The emerging issues I see with digital learning include a suspicion of it by teachers who think it will prove to be a passing fad by administration and by students who are subjected to it being improperly used.  The students I spoke with have a generally negative view of digital learning because they feel they learn better from traditional methods.  I think this, in part, is due to inconsistent use of digital learning, poor use at times when tried, and perhaps teachers who relax their efforts once the students are directed to another source of learning.  Not incorporating digital learning in a lower-income school risks reducing the education of these students relative to other schools, but implementing digital learning without providing all students complete capability to access and use it risks creating this divided educational opportunity within the school.

                Teachers probably need to be taught best practices for creating digital learning, and I really don’t see why there isn’t a national repository of lessons per subject per day that are accessible by all that teachers can incorporate as needed.

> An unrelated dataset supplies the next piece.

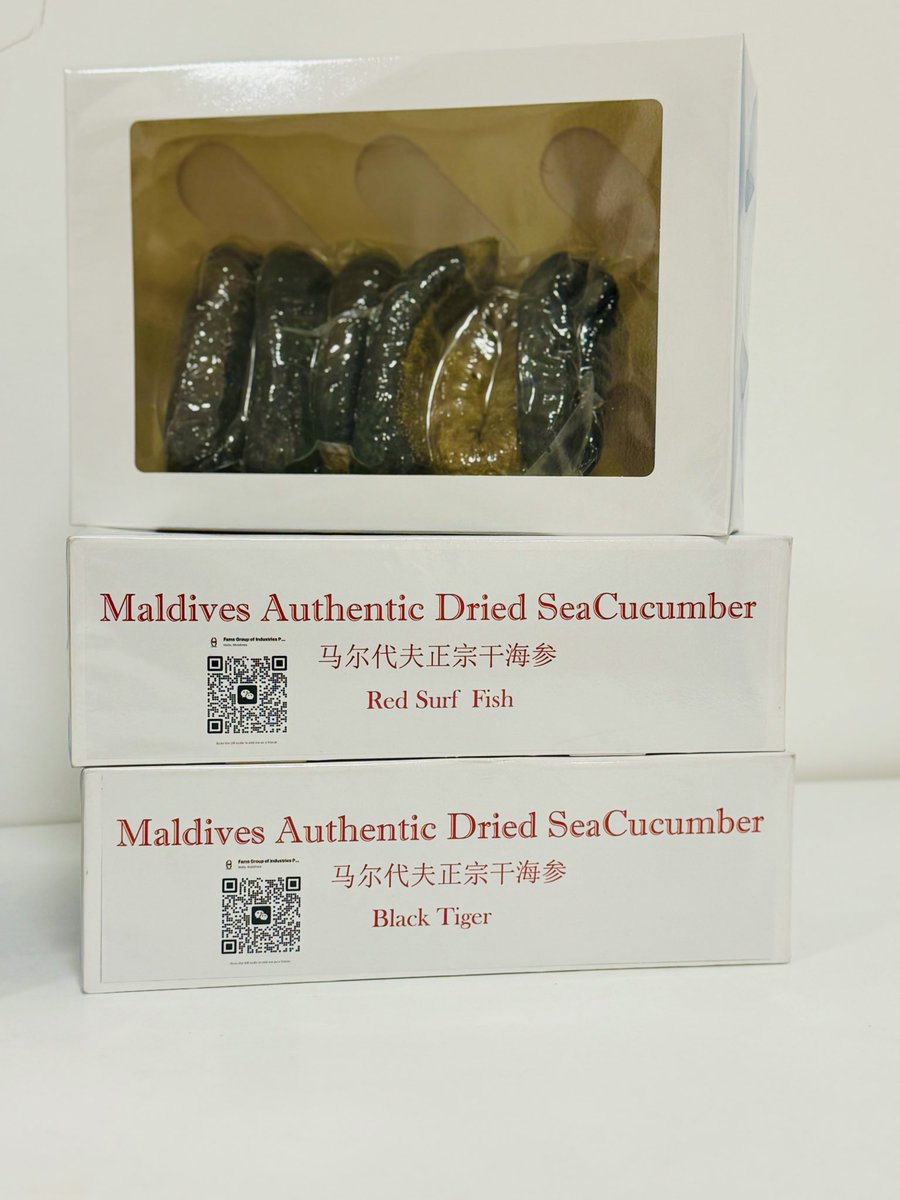 fams_group's tweet photo. FAMS GROUP has been supplying duty-free dried sea cucumbers since 2021. Now with our new factory in Raa Atoll Dhuvaafaru, we’re expanding production and seeking trusted global buyers. Premium quality, ready to ship. 

#SeaCucumber #FamsGroup #MaldivesExport #GlobalTrade https://t.co/Ii1lHVXpa4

                Education gets a very bad rap.  Noneducators view teachers as static bureaucrats who resist change.  Having worked 20+ years in the corporate world and with five years of teaching now under my belt, I can attest that this is not only untrue, but education is far more change oriented than most corporations.  So, I think one of the things Education does wrong is to allow others to create the perception of it by all.  Too often it is individuals with their own motives and agendas who are on television painting the picture of education today.  Schools need to market their changes better, and let their community know just how much training each teacher takes each year.  Big projects should be announced and explained to the community, including the why’s and the research supporting the change.  Finally, even the things schools do today are unknown by many noneducators who judge schools today by their own experience perhaps decades ago.  (In contrast, the stark changes they do see, such as Common Core Math, are so unfamiliar to them that they revolt and reject it – which also comes from not getting prior community buy-in.)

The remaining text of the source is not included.